Condensation forms on the outside of these cups when holding a cold
drink, malking the cup wet, cold, and uncomfortable to use for
prolonged periods of time. Also the condensation makes the cup
slippery and difficult to hold.
Cups made from expanded polystyrene (EPS), and sold under the
trademark Styrofoam, are excellent thermal insulators, so that they
can maintain the temperature of a drink, whether hot or cold, for
long periods of time. They are inexpensive and comfortable to
handle because their exteriors stay close to ambient temperature,
regardless of the temperature of the drink. However, they are
environmentally unfriendly because they are not biodegradable or
easily recyclable. As a result, their use has been banned in some
municipalities. Also, in order to print these types of cups, a slow
and costly printing process must be used, because the cups must be
printed after they have been formed, and their rough surface does
not allow high-resolution printing.
Standard single-wall paper cups are recyclable and biodegradable
and therefore more environmentally sound. However they are poor
thermal insulators, so that a beverage in a paper cup quickly warms
(if cold) or cools (if hot). They are also uncomfortable to handle
because a hot or cold drink can burn or uncomfortably cool a hand.
Also, as with the polystyrene cups, a cold drink will cause
condensation to appear on the outside, making a paper cup slippery,
and difficult to hold. Their single-wall construction makes them
fragile, so that large cups filled with liquid may crumble after
prolonged handling.
Paper cups also have a greater propensity to leak at the side seam
after prolonged periods of holding liquid. This is due to the fact
that once the cup's sidewall blank has been cut from a larger
sheet, the cut edges do not have a waterproof barrier on them.
Therefore when the cup is formed, the cut edge of the blank at the
overlapping side seam--a raw edge--is exposed to the liquid inside
the cup. After prolong periods of time, the liquid will wick into
the paper through this raw edge. The liquid will then migrate down
the side seam and through the bottom of the cup. All existing paper
cups have this raw edge and potential leaking problem.

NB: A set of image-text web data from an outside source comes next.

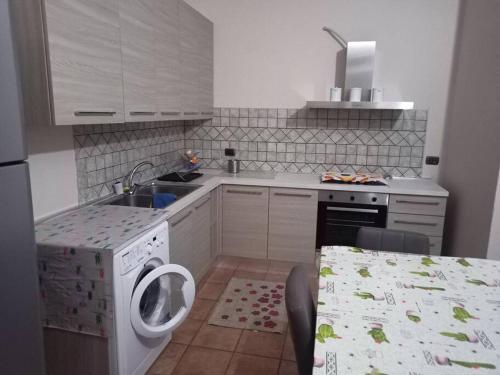 uma cozinha com uma máquina de lavar roupa e um lavatório em Casa vacanze palagianello em Palagianello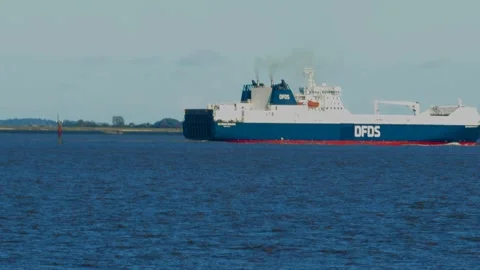 Ship Leaving Hull sailing through the river Humber Estuary Stock Footage 253125836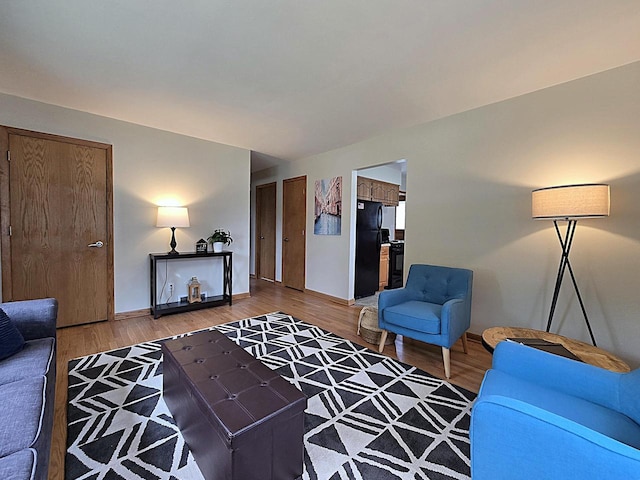 3680 E Klieforth Ave, Cudahy, WI 53110 - living room featuring wood finished floors and baseboards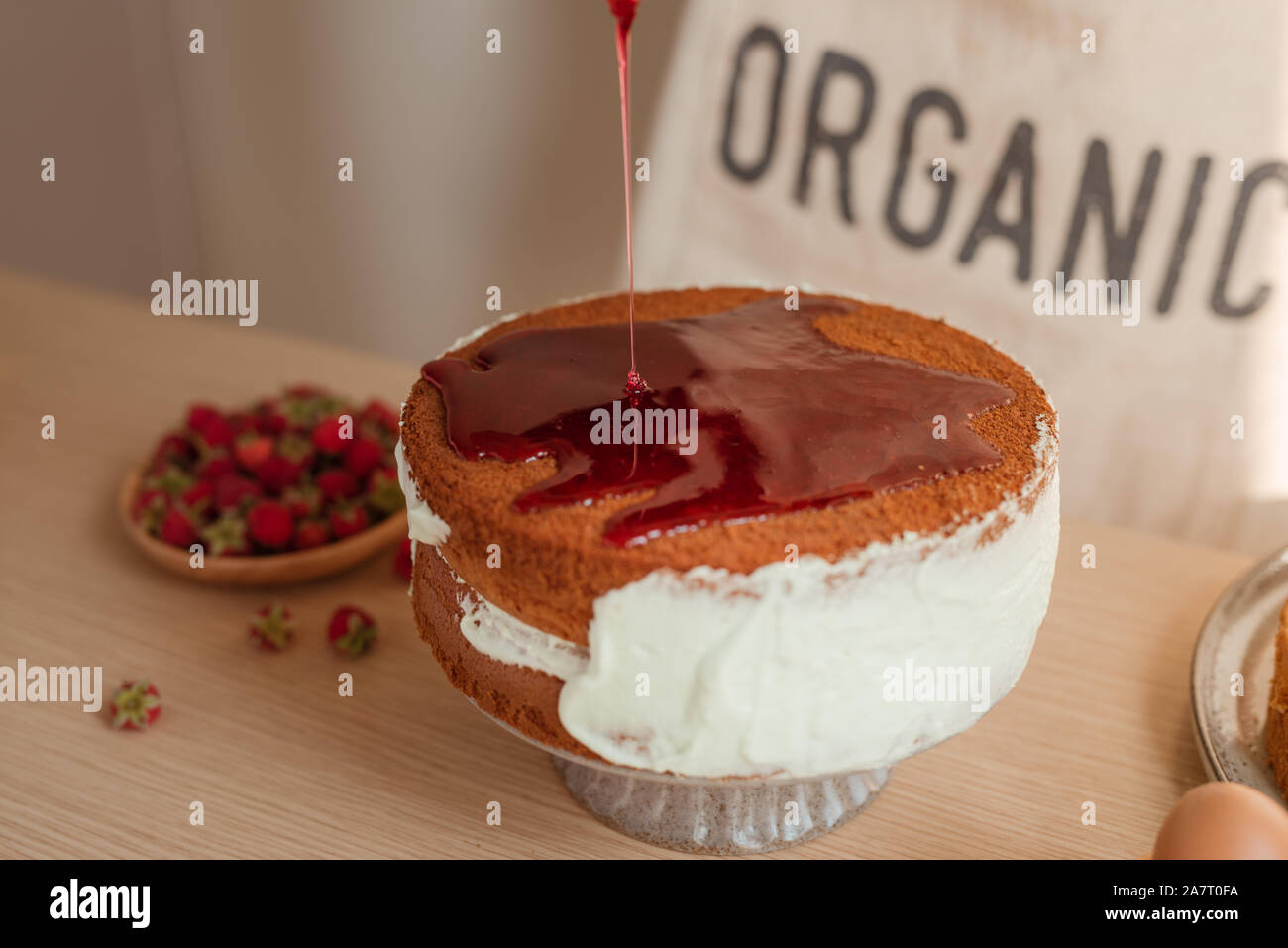 fresh sponge cake with raspberry syrup being poured over the top. Making red velvet or sponge cake process Stock Photo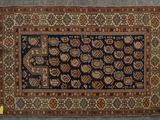 a blue and brown rug with a design on it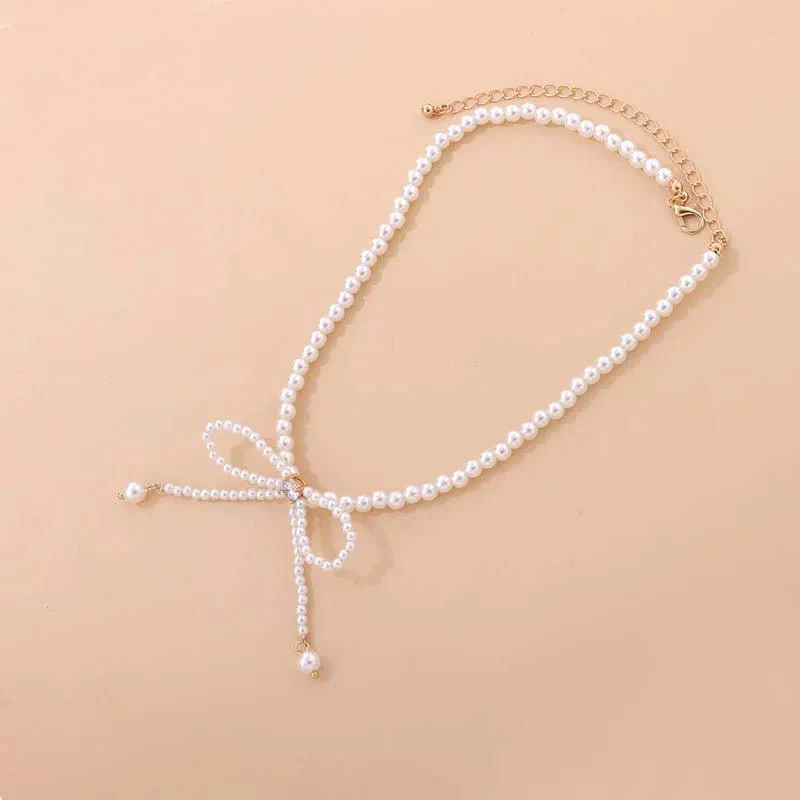 Dainty Beaded Pearl Bow Choker Necklace - Image 6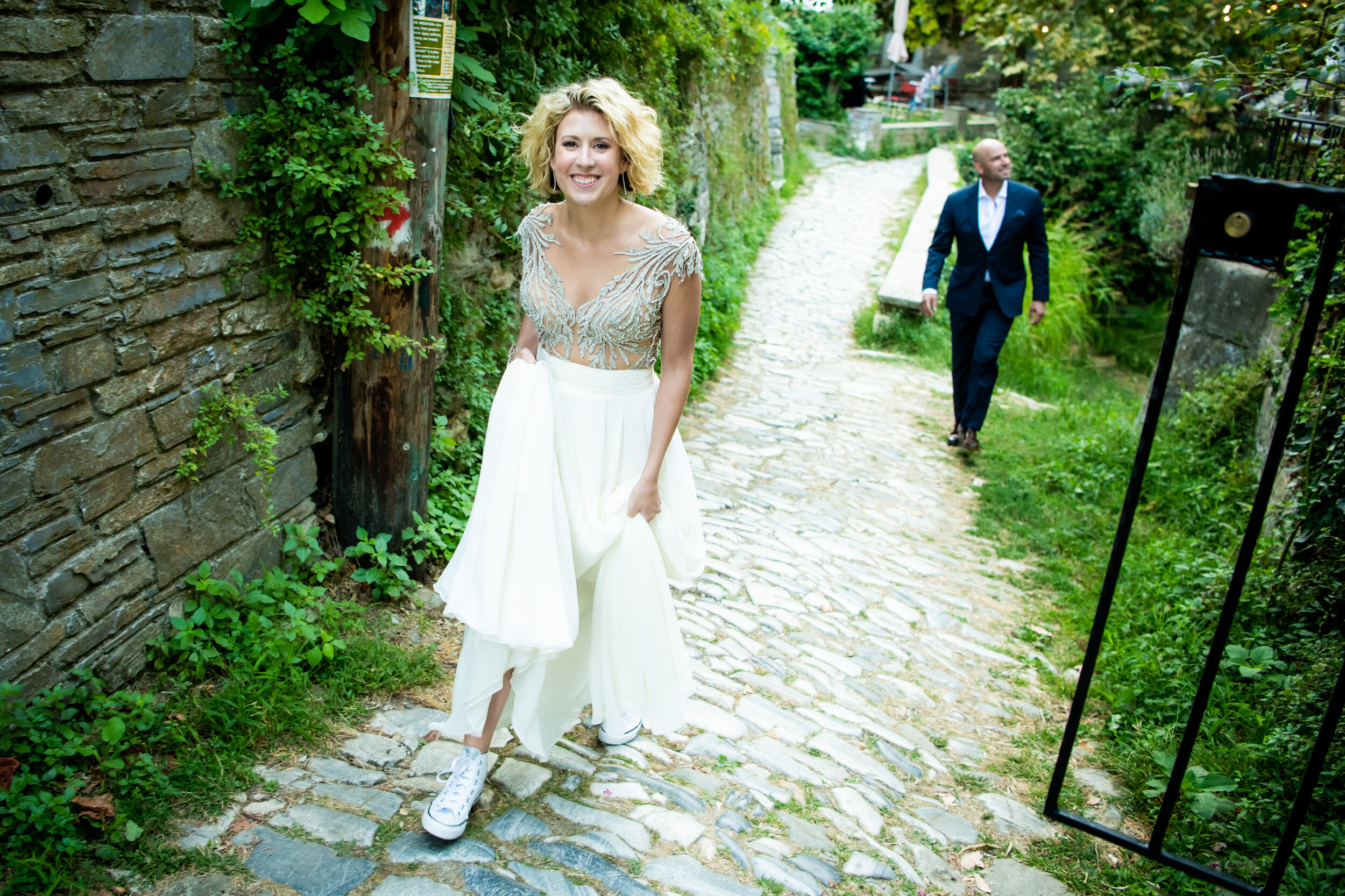 Bride and groom head to the reception on their wedding day: destination wedding photo at the Lost Unicorn Hotel, Tsagarada, Greece by J. Brown Photography.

Multi-layered paper cups have been designed to provide thermal
insulation and increased strength. U.S. Pat. No. 3,908,523 to
Shikaya (1975), U.S. Pat. No. 5,205,473 to Coffin, Sr. (1993), U.S.
Pat. No. 5,547,124 to Mueller (1996), U.S. Pat. No. 5,769,311 to
Noriko et al. (1998), and U.S. Pat. No. 5,775,577 to Titus (1998)
show multi-layered paper cups with an inner cup body and a
multi-layered insulating wrap. The wrap provides air pockets or
space for thermal insulation.
Although strong and thermally efficient, these cups are all
expensive and impractical to manufacture because the inner cup body
and insulating wrap are formed separately, and then must be
assembled together. The outer wrap is formed from separate pieces
that are laminated together, again adding additional cost. The
extra steps slow the production process and prevent the cups from
being made with standard cup-forming machinery.
U.S. Pat. No. 5,490,631 to Iioka et al. (1996), U.S. Pat. No.
5,725,916 to Ishii et al. (1998), and U.S. Pat. No. 5,766,709 to
Geddes (1998) show paper cups coated with a foam material for
insulation. These cups are also expensive to manufacture because
the foam material must be coated on the cup's outer layer and then
activated in order to expand the foam. The activation process is an
extra step that slows and increases the expense of the production
process. Another major drawback of these cups is that the textured
foam surface is not conducive to printing with sharp and crisp
graphics. Yet another drawback is that, although these cups are not
EPS foam cups, their foam coated exterior wall still has the "look"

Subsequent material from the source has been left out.